Within the listing below, filter for "Infiniti" and copy every matching line.

━━━━━ RECORDS PROVIDED

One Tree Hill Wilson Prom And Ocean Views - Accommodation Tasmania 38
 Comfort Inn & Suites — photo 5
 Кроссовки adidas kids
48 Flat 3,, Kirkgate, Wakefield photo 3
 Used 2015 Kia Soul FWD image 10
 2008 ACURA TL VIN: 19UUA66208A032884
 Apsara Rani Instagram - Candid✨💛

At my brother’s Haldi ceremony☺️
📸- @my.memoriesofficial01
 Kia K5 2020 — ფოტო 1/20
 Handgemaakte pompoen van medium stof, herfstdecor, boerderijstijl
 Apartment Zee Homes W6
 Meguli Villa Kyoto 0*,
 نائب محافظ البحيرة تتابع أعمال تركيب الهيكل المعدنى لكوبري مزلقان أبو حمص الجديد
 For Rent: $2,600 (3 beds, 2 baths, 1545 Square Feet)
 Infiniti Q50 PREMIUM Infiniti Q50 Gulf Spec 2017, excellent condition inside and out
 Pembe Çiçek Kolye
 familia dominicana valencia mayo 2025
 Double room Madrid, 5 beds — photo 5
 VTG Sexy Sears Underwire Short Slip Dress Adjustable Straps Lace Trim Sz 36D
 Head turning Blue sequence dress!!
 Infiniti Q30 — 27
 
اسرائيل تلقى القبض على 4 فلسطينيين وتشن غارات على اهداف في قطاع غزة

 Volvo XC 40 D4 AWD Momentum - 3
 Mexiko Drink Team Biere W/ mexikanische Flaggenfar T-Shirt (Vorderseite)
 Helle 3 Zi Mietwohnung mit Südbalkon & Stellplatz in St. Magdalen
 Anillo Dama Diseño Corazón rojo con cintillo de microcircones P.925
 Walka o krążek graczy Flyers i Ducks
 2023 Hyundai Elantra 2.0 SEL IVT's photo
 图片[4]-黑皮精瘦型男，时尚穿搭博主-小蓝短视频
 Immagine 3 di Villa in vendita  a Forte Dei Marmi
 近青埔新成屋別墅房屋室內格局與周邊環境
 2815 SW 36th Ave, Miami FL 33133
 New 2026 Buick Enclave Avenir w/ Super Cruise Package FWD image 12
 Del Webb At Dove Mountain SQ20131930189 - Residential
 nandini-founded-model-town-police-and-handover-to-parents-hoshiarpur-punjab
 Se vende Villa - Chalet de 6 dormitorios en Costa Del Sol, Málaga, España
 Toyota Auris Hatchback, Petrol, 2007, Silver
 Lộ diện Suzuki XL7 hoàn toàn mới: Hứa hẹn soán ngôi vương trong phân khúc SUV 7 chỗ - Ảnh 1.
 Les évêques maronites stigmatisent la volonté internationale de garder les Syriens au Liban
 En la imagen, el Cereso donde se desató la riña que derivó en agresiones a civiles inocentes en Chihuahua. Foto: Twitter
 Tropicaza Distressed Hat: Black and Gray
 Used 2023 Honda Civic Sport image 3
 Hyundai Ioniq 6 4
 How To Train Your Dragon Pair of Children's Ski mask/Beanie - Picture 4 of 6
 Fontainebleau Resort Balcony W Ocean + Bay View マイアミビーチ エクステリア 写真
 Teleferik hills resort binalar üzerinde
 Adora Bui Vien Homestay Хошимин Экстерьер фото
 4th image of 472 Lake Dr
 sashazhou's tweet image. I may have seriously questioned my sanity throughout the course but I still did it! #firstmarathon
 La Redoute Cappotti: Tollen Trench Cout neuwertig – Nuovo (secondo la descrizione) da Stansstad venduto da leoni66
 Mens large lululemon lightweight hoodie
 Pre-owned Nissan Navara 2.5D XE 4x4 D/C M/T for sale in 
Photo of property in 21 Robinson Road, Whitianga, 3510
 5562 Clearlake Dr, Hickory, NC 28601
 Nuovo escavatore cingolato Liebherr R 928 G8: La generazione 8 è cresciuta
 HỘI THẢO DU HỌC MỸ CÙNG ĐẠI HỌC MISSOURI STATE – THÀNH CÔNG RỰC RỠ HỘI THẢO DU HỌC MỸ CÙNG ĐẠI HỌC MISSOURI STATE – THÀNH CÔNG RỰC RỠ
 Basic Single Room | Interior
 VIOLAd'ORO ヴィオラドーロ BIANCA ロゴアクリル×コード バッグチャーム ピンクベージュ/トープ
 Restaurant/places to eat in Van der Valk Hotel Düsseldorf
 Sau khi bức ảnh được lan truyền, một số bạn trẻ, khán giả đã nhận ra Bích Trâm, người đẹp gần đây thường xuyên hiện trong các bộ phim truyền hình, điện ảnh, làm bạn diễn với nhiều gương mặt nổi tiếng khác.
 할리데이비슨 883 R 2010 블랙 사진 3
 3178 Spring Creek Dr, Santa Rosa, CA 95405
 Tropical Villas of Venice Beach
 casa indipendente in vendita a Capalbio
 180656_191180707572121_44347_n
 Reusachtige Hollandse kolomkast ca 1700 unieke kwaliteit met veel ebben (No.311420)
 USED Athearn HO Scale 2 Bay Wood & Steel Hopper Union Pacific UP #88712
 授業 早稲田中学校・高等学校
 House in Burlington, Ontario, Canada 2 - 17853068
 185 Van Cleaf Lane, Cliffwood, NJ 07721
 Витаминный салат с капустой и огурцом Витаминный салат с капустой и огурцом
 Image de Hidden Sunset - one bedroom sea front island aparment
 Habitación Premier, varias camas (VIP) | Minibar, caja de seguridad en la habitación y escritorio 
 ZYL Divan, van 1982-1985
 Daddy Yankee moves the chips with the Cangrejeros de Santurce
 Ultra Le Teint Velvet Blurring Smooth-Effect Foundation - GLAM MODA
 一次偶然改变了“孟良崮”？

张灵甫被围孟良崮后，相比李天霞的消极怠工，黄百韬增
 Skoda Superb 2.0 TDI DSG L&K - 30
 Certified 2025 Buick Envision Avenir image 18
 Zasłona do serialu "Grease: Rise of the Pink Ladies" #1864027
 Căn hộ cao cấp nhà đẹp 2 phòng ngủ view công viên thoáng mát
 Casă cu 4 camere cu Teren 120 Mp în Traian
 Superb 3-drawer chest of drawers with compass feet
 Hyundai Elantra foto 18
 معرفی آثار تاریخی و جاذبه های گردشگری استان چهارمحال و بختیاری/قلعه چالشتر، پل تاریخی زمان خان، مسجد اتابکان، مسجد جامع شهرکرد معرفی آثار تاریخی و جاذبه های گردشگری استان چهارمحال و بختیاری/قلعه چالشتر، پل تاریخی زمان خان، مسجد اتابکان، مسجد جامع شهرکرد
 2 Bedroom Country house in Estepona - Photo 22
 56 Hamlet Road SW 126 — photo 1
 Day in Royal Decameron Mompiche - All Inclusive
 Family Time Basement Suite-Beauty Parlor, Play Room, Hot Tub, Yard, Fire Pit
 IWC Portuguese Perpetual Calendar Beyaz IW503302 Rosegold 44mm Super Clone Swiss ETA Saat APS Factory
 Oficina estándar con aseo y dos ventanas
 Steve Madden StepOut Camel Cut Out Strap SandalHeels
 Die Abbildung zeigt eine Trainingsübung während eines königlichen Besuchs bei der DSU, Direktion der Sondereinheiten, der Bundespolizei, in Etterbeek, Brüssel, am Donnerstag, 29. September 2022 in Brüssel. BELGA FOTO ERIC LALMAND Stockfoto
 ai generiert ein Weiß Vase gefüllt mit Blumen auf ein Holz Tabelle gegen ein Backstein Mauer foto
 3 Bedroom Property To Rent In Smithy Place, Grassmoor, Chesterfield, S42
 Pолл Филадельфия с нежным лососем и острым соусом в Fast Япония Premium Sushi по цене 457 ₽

━━━━━━━━━━

FINISHED TASK:
 Infiniti Q50 PREMIUM Infiniti Q50 Gulf Spec 2017, excellent condition inside and out
 Infiniti Q30 — 27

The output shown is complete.